> **WHAT YOU NEED TO DO**: Please give every line below again exactly, but not its pictures.

> **DATA BLOCK**:

+++

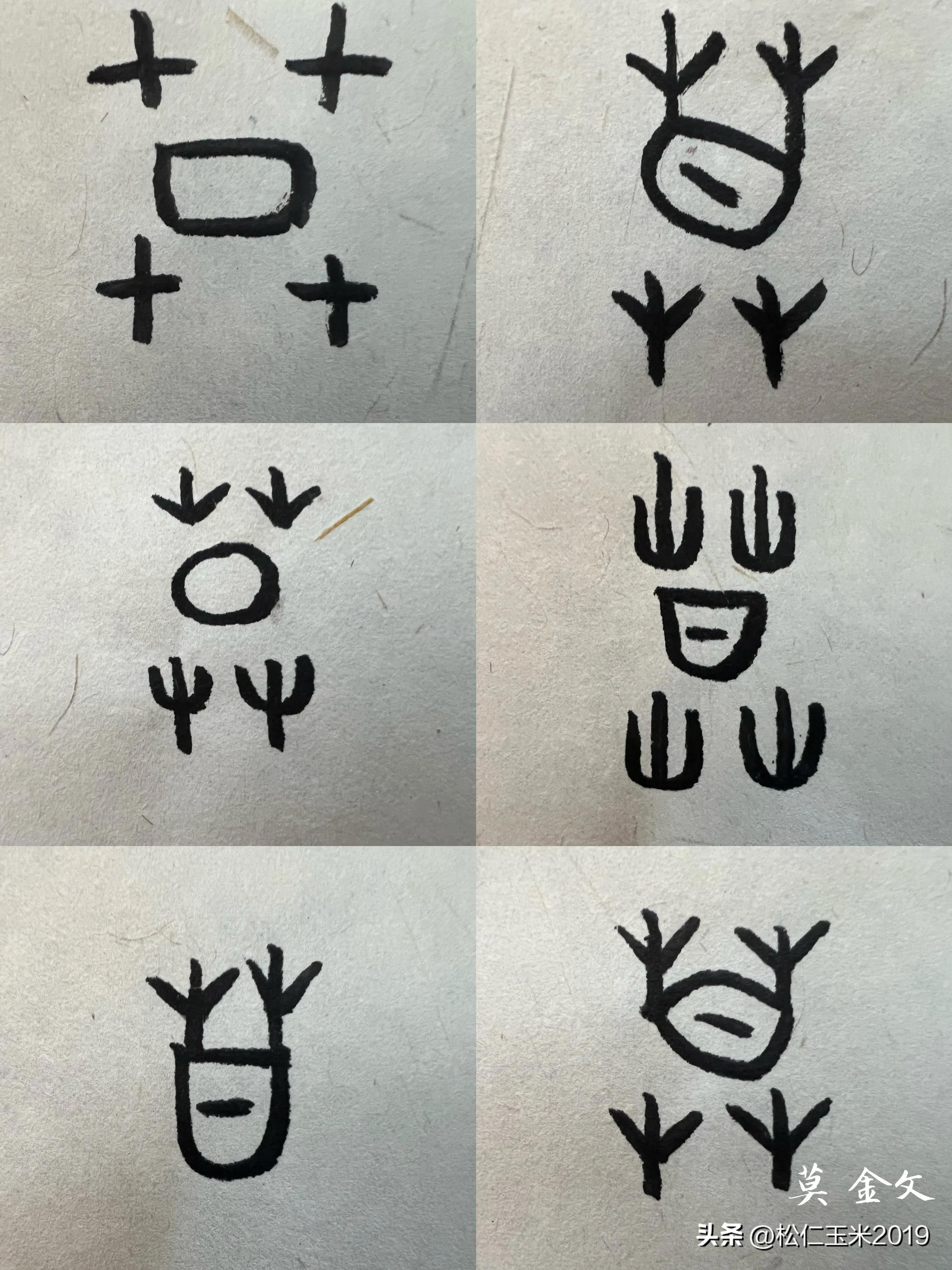 有趣的汉字草,有趣的汉字1600进阶篇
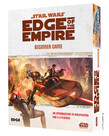 Asmodee Star Wars: Edge Of Empire: Beginner Game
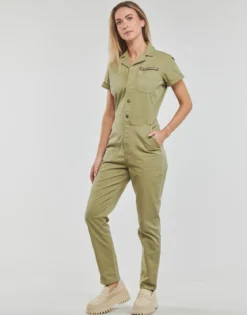 Buksedragter / Overalls Freeman T.Porter
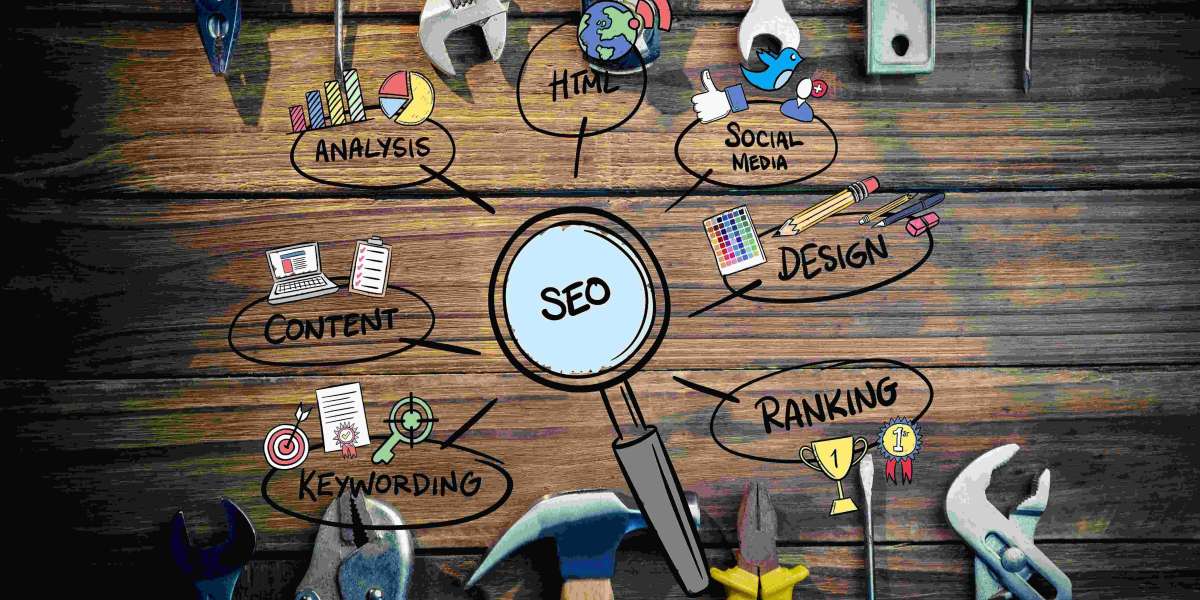 SEO Liverpool – Expert Strategies to Rank Higher & Drive Local Traffic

+++

> **TASK SOLUTION**:
 有趣的汉字草,有趣的汉字1600进阶篇
 Asmodee Star Wars: Edge Of Empire: Beginner Game
 Buksedragter / Overalls Freeman T.Porter
 SEO Liverpool – Expert Strategies to Rank Higher & Drive Local Traffic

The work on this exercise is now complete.